____ DATA SHOWN
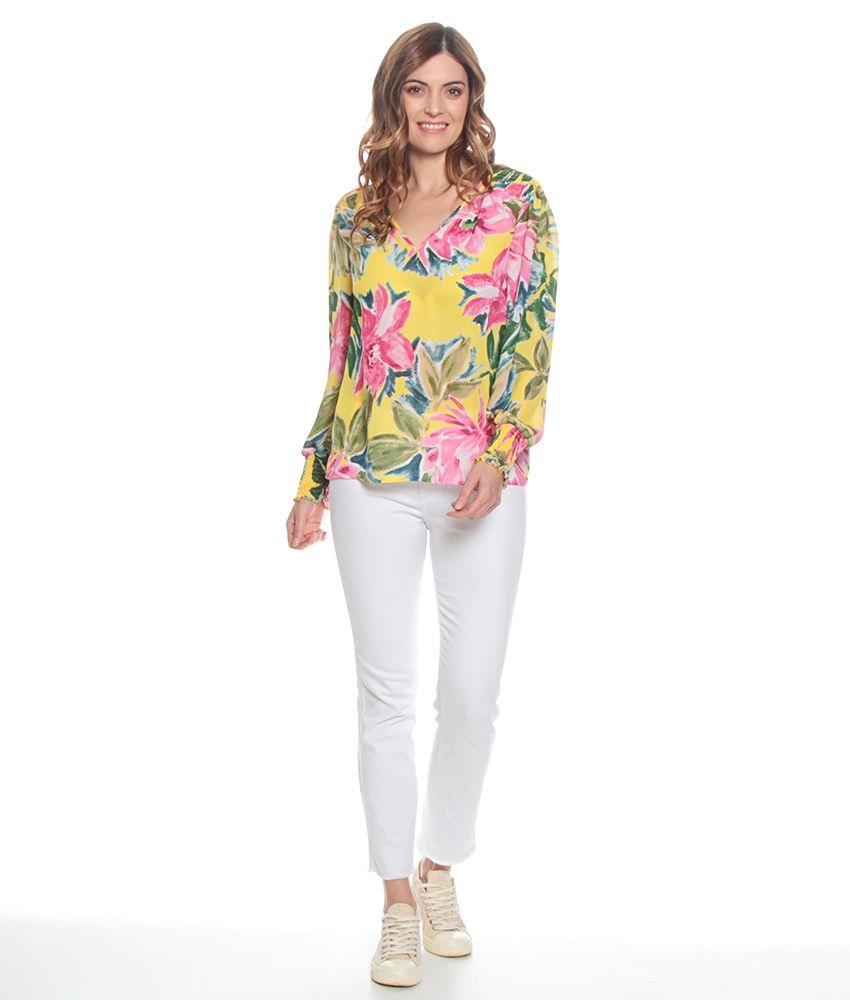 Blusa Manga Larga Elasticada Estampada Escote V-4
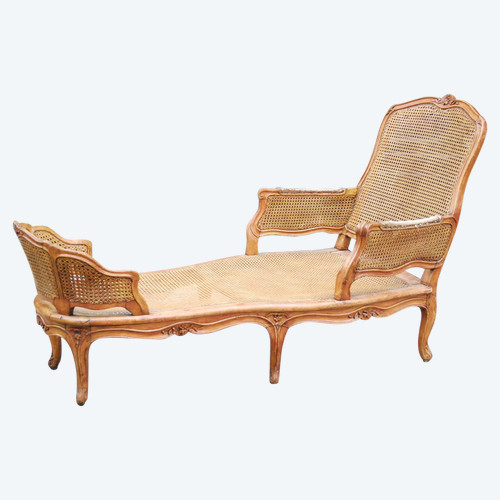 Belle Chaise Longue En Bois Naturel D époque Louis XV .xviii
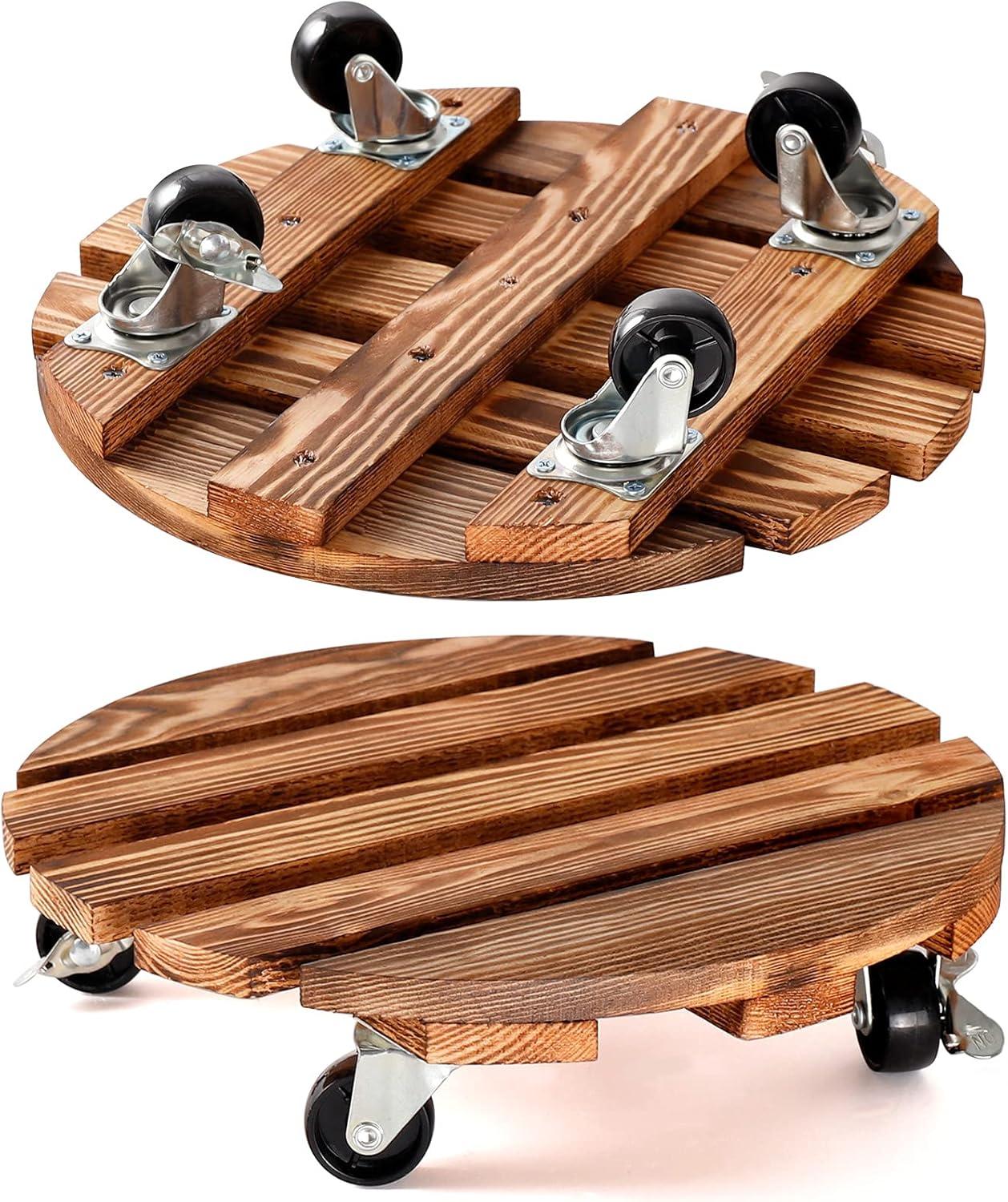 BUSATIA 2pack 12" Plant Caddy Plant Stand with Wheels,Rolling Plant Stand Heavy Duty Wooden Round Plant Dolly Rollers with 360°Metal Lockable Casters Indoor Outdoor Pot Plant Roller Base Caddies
________
YOUR OBJECTIVE: Print the listing exactly. No pictures belong in the copy.

WRITTEN REPLY:
 Blusa Manga Larga Elasticada Estampada Escote V-4
 Belle Chaise Longue En Bois Naturel D époque Louis XV .xviii
 BUSATIA 2pack 12" Plant Caddy Plant Stand with Wheels,Rolling Plant Stand Heavy Duty Wooden Round Plant Dolly Rollers with 360°Metal Lockable Casters Indoor Outdoor Pot Plant Roller Base Caddies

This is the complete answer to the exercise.